*EXERCISE PROMPT*: Retype all of the data word for word, without pictures.

Saved entries
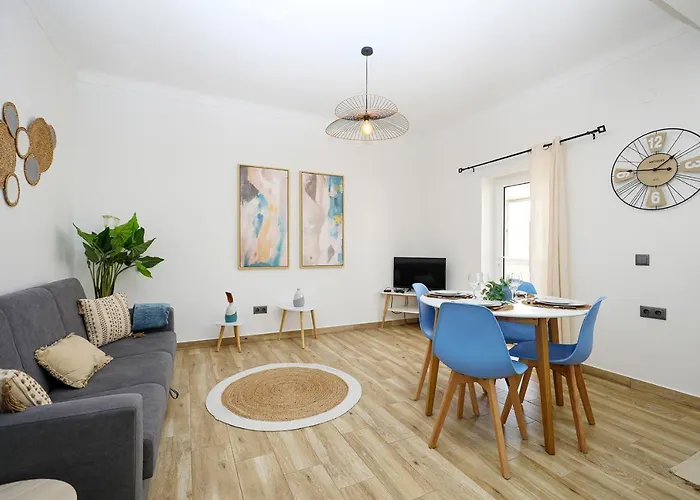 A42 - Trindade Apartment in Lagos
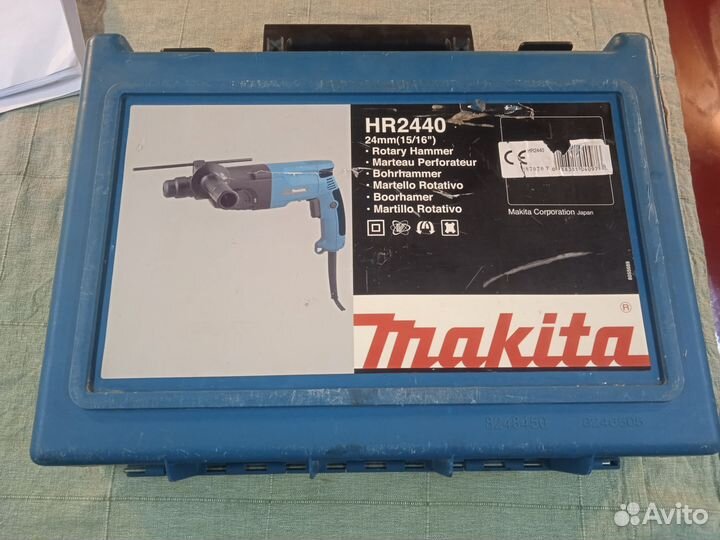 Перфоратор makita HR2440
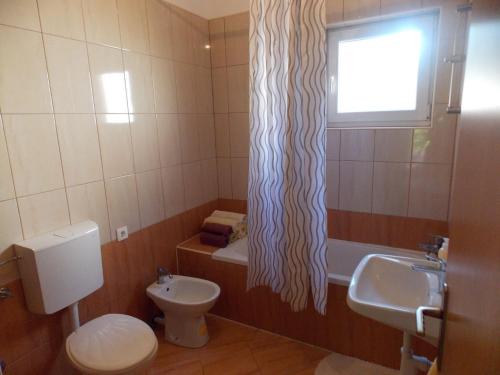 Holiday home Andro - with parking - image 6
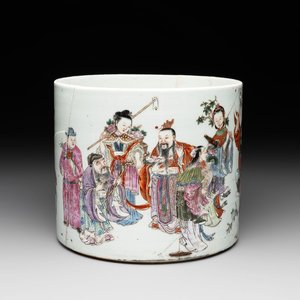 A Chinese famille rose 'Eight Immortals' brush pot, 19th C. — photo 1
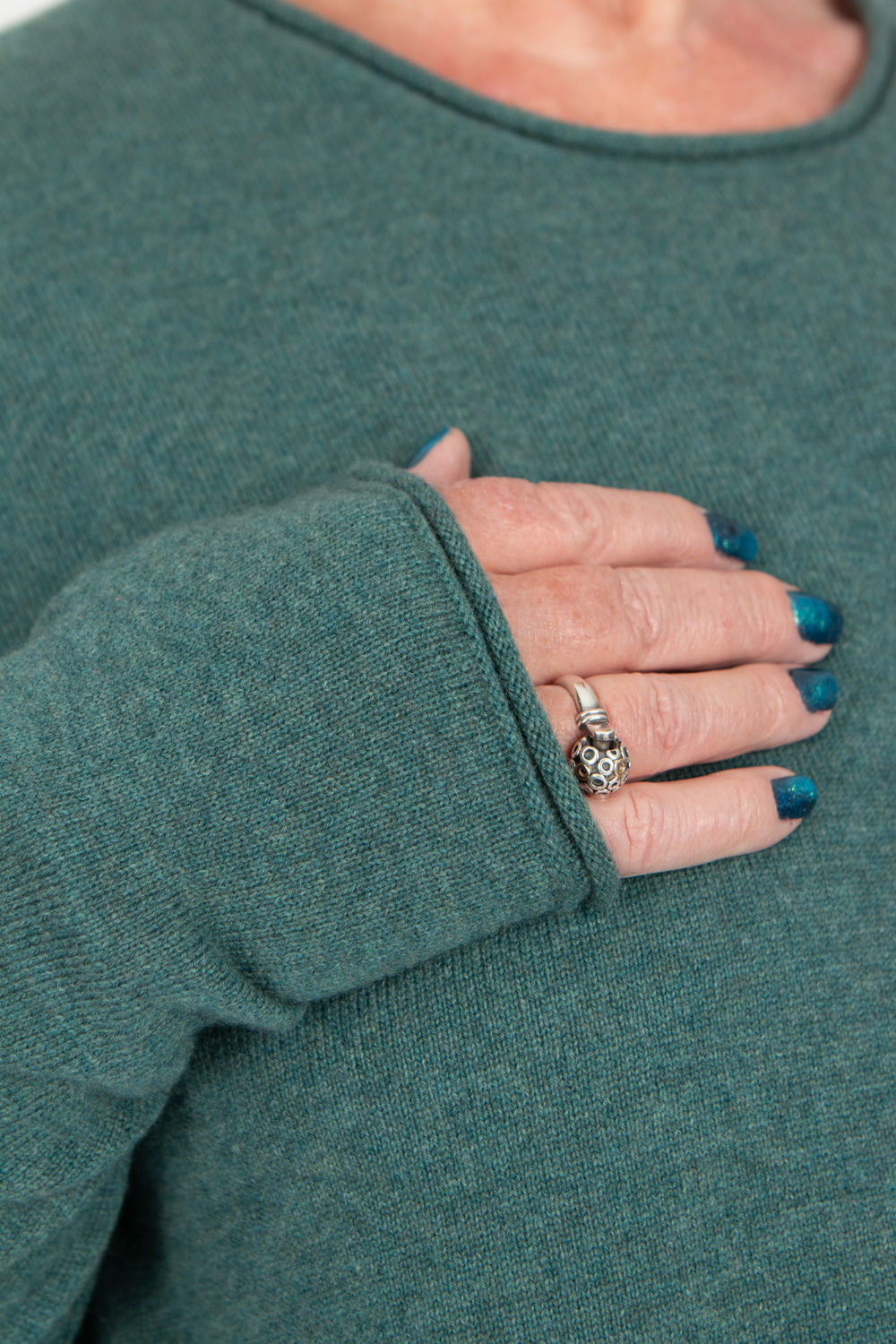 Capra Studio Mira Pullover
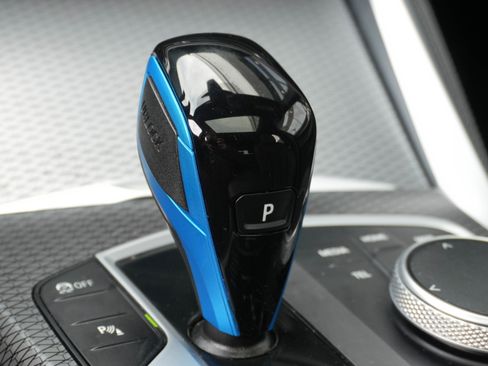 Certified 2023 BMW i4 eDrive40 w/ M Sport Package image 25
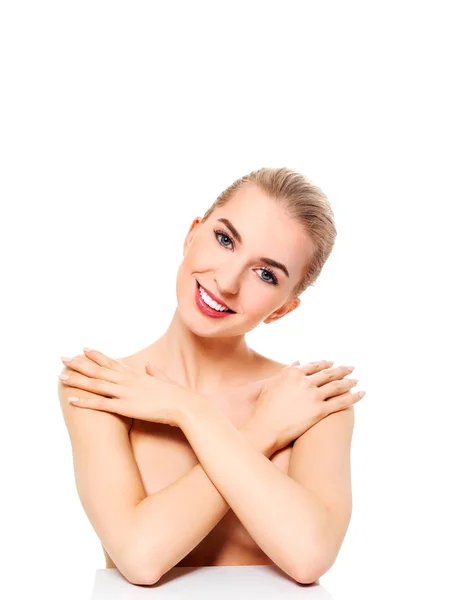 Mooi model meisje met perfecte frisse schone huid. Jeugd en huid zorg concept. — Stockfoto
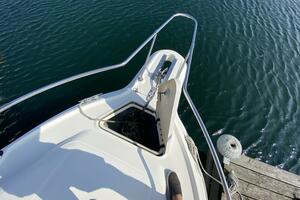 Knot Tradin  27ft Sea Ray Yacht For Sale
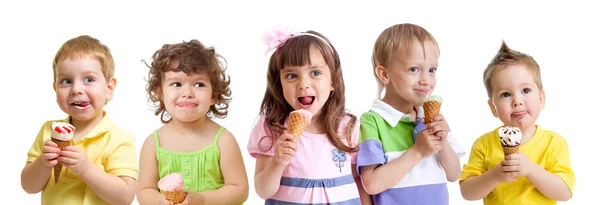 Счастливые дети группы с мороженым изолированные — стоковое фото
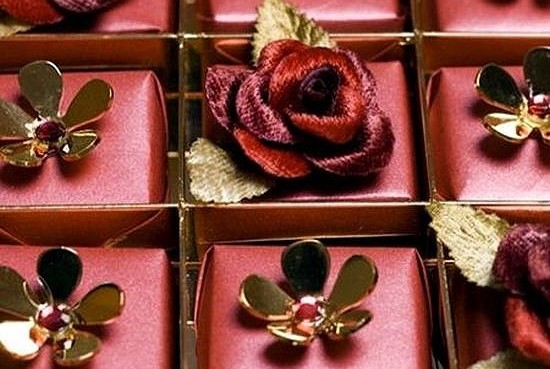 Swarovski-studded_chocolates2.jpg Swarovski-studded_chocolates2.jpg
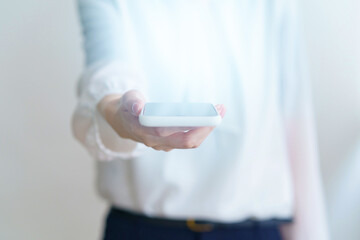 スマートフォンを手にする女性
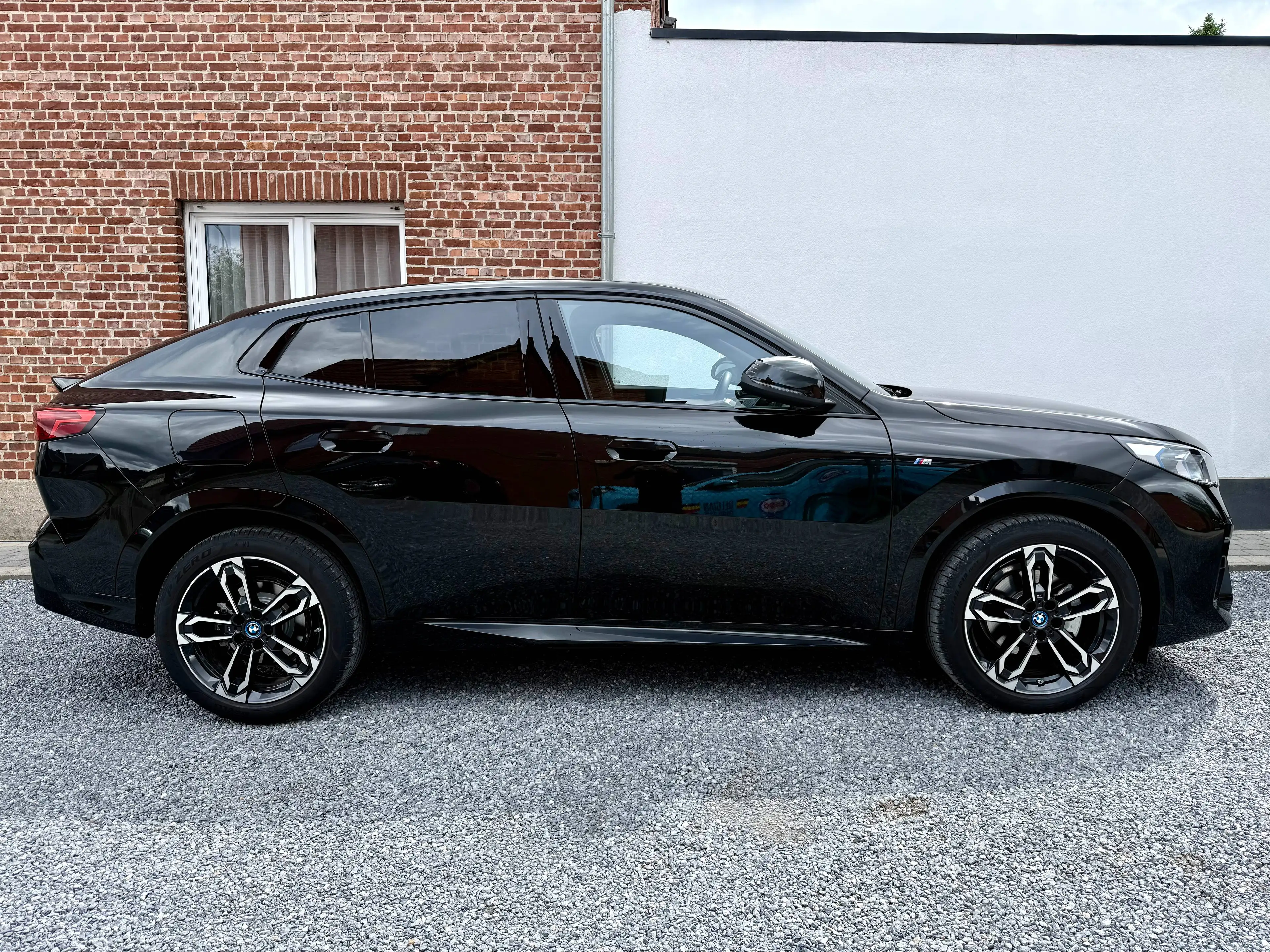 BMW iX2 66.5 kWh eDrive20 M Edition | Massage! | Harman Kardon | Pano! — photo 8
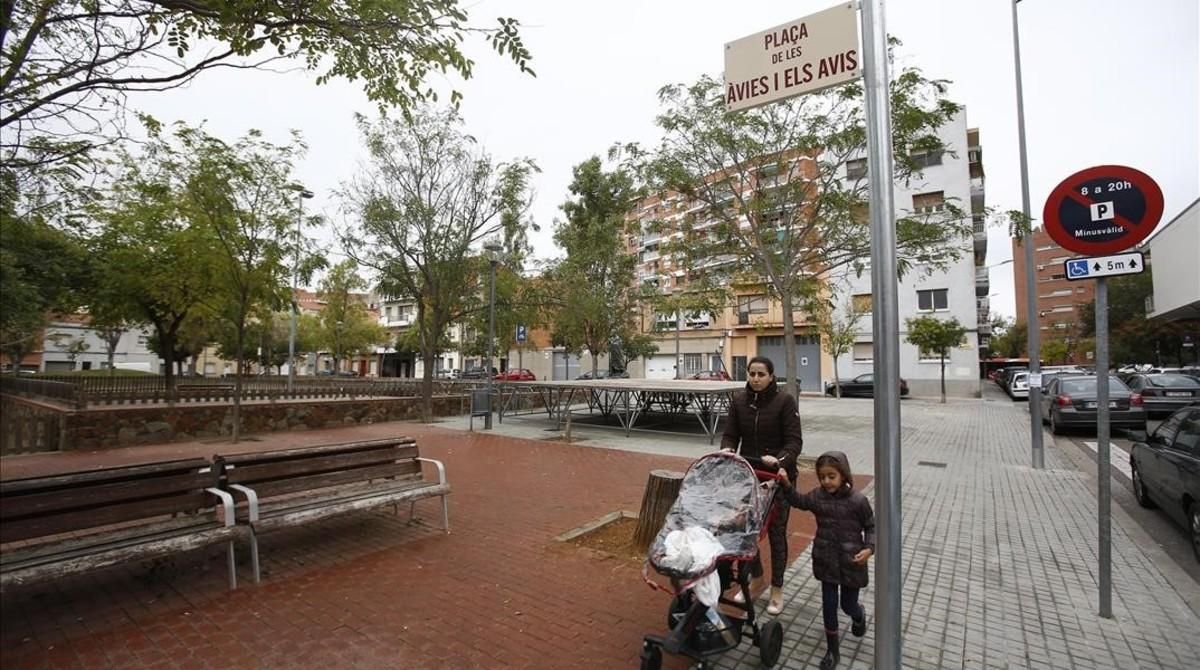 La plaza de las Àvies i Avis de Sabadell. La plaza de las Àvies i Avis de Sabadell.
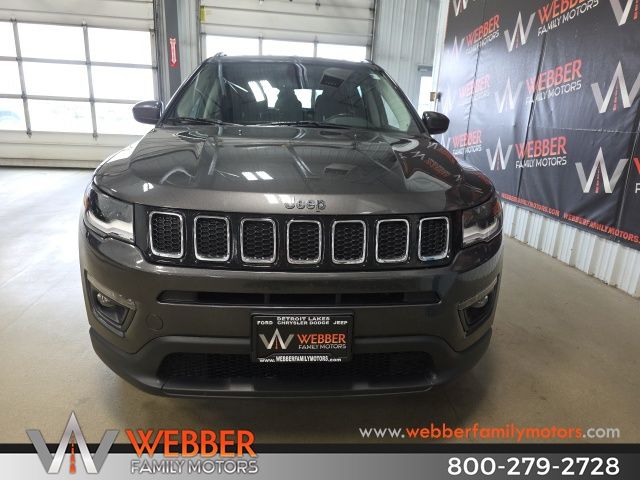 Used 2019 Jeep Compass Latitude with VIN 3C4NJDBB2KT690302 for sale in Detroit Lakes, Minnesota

*RESPONSE*:
 A42 - Trindade Apartment in Lagos
 Перфоратор makita HR2440
 Holiday home Andro - with parking - image 6
 A Chinese famille rose 'Eight Immortals' brush pot, 19th C. — photo 1
 Capra Studio Mira Pullover
 Certified 2023 BMW i4 eDrive40 w/ M Sport Package image 25
 Mooi model meisje met perfecte frisse schone huid. Jeugd en huid zorg concept. — Stockfoto
 Knot Tradin  27ft Sea Ray Yacht For Sale
 Счастливые дети группы с мороженым изолированные — стоковое фото
 Swarovski-studded_chocolates2.jpg Swarovski-studded_chocolates2.jpg
 スマートフォンを手にする女性
 BMW iX2 66.5 kWh eDrive20 M Edition | Massage! | Harman Kardon | Pano! — photo 8
 La plaza de las Àvies i Avis de Sabadell. La plaza de las Àvies i Avis de Sabadell.
 Used 2019 Jeep Compass Latitude with VIN 3C4NJDBB2KT690302 for sale in Detroit Lakes, Minnesota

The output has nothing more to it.